Madeleine, if she is alive, would be ten
years old now, having spent the majority
of her decade on earth separated from
her family, parents Gerry and Kate
McCann, and twin siblings Sean and
Amelia.
What happened that night in the Algarve
fishing village of Praia de Luz remains
a mystery. Was Madeleine abducted while
she slept, by a person or persons
unknown, as her parents claim? Or, as
the former head of the Portuguese
investigating team alleges, did she die
in apartment 5A of the Ocean Club
complex, her body disposed of in an
attempt to cover up negligence or worse?
Ongoing investigations by police teams
in the United Kingdom and Portugal have
failed to answer those questions, or to
find evidence sufficiently compelling as
to justify prosecutions in either
country.
The case continues to be a focus of
public, police and political attention
as the seventh anniversary of
Madeleine’s disappearance approaches,
and the trial of that same former
investigator accused of libel by the
McCanns comes to its conclusion in
Lisbon on Tuesday. Ex-inspector Goncalo
Amaral’s book, The Truth Of The Lie,
based on police work before the case was
‘archived’ due to lack of evidence,
advances the theory of Madeleine’s death
– accidental or intentional - and
hypothesises a staged abduction by the
parents.
For this he is being sued for over one
million euros in damages by the McCanns,
who allege that his book derailed the
search for their daughter when it was
published in 2009. The closing
statements and judge’s verdict on the
case are due this week in Lisbon.
My interest in this sad story is both
personal and professional.
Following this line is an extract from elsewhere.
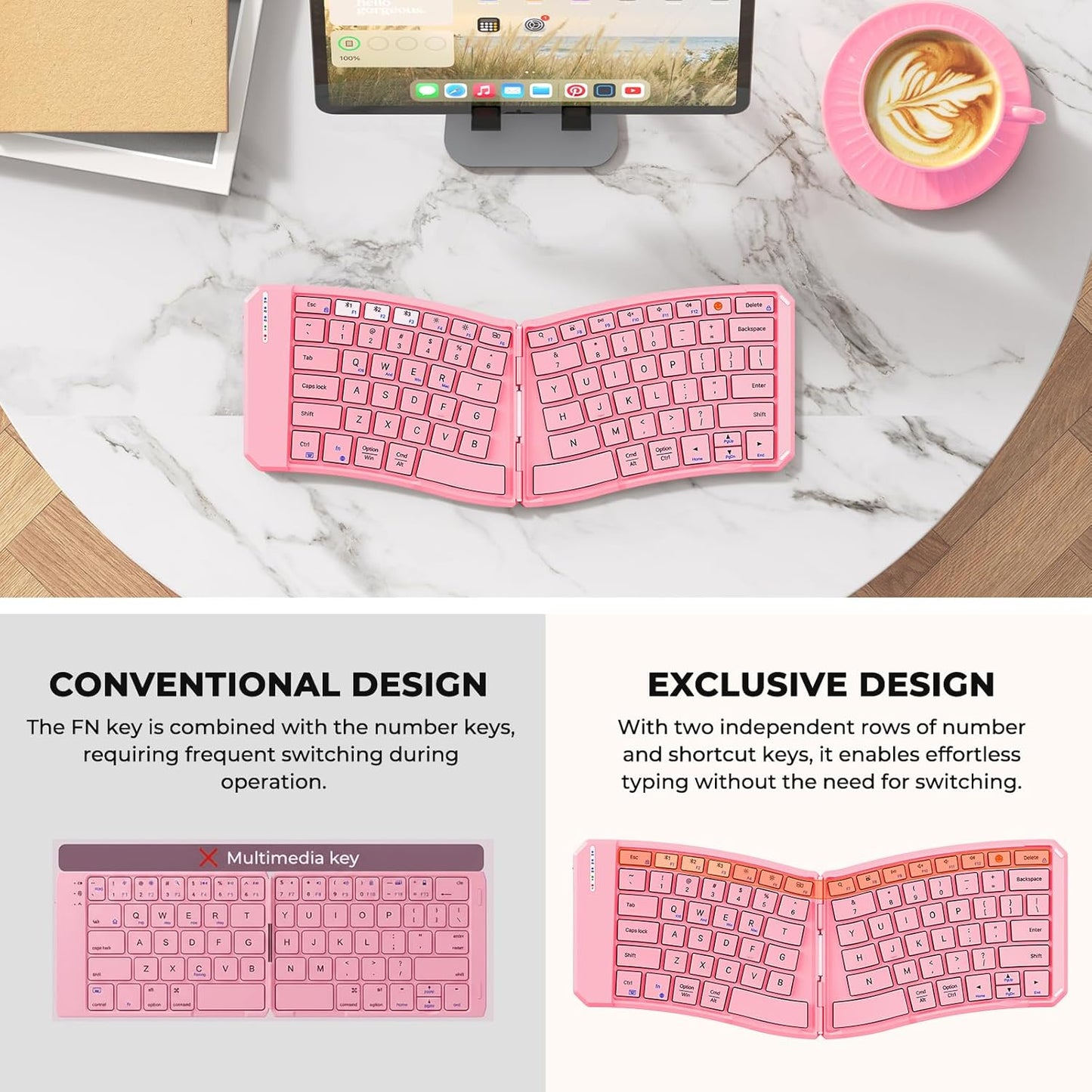 MEETION New Ergonomic Bluetooth Foldable Keyboard, Split Compact Portable Wireless Keyboard for Business Travel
In the
northern summer of 2005 I took my
holidays at the Ocean Club, staying in
the apartment directly above 5A where
the McCanns resided in May 2007. A
friend of my parents owned the
apartment, and my extended family rented
it and two other units in the complex
for two weeks in July that year: my
parents in one, my sister and her family
in another, myself, my wife and my
brother in the apartment above 5a.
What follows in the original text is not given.